What McGonagall had said got me thinking. If I was now considered the leader of the Light Guardian religion, then I had best quickly organise and integrate my Light Guardian knowledge and decide what I was going to do about it. Ardath could teach me about more things than sex. I must turn that page. I must also consult the other priestesses, who were buried in my head. I made a personal vow to sit down with Professor Trelawney very soon. Another meeting with Mafalda and Victoria was also in order.

We all accepted McGonagall's apologies and said we would try to stay but demands on our time were multiplying out of control. Harry said we needed to visit Eire and complete the repairs to the circles, which might even require a trip to Paris. He also reminded Professor McGonagall that much of what we had hoped to learn during our last Hogwarts year had been loaded into our brains by the Light Guardian. Professor McGonagall agreed with both points, but said she still hoped we would stay for the rest of the year. Harry responded that it was certainly our intention to stay, but that he just wanted to warn her that we might have to miss more classes than we had expected to.

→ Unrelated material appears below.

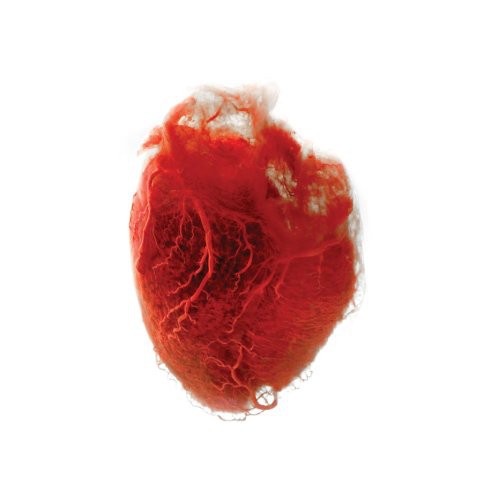 Akron/Family: Love Is Simple { Vinyl }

She replied, with some reluctance, that she understood that problem. She suggested that we might be able to make up key lectures that we were forced to miss, as Harry did with Professor Firenze. Harry mumbled that this was certainly an option that was worthy of consideration.

I was taken by the notion that the less traditional Hogwarts would be of most benefit to me. There was much that I could learn from Hermione's parents and from Professor Celine. I needed to know the old knowledge that Professors Trelawney and Firenze possessed, more than I needed to hear their version of the standard curriculum. I didn't need to attend their lectures, I needed to sit down with them and pick their brains, preferably with the assistance of Harry and our friends. I knew the history that McGonagall was teaching us. I knew it in at least as much detail as she did. I needed to know what she had learned from living through the early Voldemort years. My parents had shielded me from this, and recent history was apparently regarded as too controversial to be taught at Hogwarts.

I explained all of this to Professor McGonagall and was amazed that she agreed with me and that she promised to find a way to make it happen.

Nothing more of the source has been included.